Brief:
Nothing should change. Output the data exactly.

Excerpted data:
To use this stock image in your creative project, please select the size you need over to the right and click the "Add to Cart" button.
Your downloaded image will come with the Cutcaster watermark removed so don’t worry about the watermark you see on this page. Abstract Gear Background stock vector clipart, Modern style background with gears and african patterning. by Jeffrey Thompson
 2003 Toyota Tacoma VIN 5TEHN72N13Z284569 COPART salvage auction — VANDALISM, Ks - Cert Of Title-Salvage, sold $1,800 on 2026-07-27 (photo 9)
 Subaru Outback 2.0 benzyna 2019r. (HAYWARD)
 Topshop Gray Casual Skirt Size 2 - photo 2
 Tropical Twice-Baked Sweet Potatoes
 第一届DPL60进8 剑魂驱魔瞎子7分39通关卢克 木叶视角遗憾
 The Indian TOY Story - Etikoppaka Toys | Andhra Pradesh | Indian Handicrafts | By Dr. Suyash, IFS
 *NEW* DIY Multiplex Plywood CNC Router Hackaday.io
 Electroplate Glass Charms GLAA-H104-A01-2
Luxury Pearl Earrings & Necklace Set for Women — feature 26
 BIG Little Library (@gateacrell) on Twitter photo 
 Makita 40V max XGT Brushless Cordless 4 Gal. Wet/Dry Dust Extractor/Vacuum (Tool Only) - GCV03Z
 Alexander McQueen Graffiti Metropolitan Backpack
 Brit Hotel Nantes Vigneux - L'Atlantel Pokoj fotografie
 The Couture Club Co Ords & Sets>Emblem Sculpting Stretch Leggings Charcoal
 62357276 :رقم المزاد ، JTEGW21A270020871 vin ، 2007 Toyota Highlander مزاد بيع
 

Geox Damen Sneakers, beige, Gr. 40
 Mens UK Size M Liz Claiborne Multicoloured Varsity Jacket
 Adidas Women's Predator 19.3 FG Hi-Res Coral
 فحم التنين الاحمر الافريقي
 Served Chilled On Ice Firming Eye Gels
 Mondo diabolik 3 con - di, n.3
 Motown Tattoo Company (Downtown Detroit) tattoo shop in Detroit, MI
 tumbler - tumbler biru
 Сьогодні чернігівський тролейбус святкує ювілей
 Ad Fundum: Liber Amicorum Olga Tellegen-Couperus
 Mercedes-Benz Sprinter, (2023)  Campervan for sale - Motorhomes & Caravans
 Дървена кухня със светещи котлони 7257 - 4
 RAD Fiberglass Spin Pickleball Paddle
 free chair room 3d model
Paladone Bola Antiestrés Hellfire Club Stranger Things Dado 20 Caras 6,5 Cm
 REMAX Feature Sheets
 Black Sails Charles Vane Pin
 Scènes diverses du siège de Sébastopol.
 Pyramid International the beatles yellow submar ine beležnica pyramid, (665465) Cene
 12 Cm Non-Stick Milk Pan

Solution to this task:
To use this stock image in your creative project, please select the size you need over to the right and click the "Add to Cart" button.
Your downloaded image will come with the Cutcaster watermark removed so don’t worry about the watermark you see on this page. Abstract Gear Background stock vector clipart, Modern style background with gears and african patterning. by Jeffrey Thompson
 2003 Toyota Tacoma VIN 5TEHN72N13Z284569 COPART salvage auction — VANDALISM, Ks - Cert Of Title-Salvage, sold $1,800 on 2026-07-27 (photo 9)
 Subaru Outback 2.0 benzyna 2019r. (HAYWARD)
 Topshop Gray Casual Skirt Size 2 - photo 2
 Tropical Twice-Baked Sweet Potatoes
 第一届DPL60进8 剑魂驱魔瞎子7分39通关卢克 木叶视角遗憾
 The Indian TOY Story - Etikoppaka Toys | Andhra Pradesh | Indian Handicrafts | By Dr. Suyash, IFS
 *NEW* DIY Multiplex Plywood CNC Router Hackaday.io
 Electroplate Glass Charms GLAA-H104-A01-2
Luxury Pearl Earrings & Necklace Set for Women — feature 26
 BIG Little Library (@gateacrell) on Twitter photo 
 Makita 40V max XGT Brushless Cordless 4 Gal. Wet/Dry Dust Extractor/Vacuum (Tool Only) - GCV03Z
 Alexander McQueen Graffiti Metropolitan Backpack
 Brit Hotel Nantes Vigneux - L'Atlantel Pokoj fotografie
 The Couture Club Co Ords & Sets>Emblem Sculpting Stretch Leggings Charcoal
 62357276 :رقم المزاد ، JTEGW21A270020871 vin ، 2007 Toyota Highlander مزاد بيع
 

Geox Damen Sneakers, beige, Gr. 40
 Mens UK Size M Liz Claiborne Multicoloured Varsity Jacket
 Adidas Women's Predator 19.3 FG Hi-Res Coral
 فحم التنين الاحمر الافريقي
 Served Chilled On Ice Firming Eye Gels
 Mondo diabolik 3 con - di, n.3
 Motown Tattoo Company (Downtown Detroit) tattoo shop in Detroit, MI
 tumbler - tumbler biru
 Сьогодні чернігівський тролейбус святкує ювілей
 Ad Fundum: Liber Amicorum Olga Tellegen-Couperus
 Mercedes-Benz Sprinter, (2023)  Campervan for sale - Motorhomes & Caravans
 Дървена кухня със светещи котлони 7257 - 4
 RAD Fiberglass Spin Pickleball Paddle
 free chair room 3d model
Paladone Bola Antiestrés Hellfire Club Stranger Things Dado 20 Caras 6,5 Cm
 REMAX Feature Sheets
 Black Sails Charles Vane Pin
 Scènes diverses du siège de Sébastopol.
 Pyramid International the beatles yellow submar ine beležnica pyramid, (665465) Cene
 12 Cm Non-Stick Milk Pan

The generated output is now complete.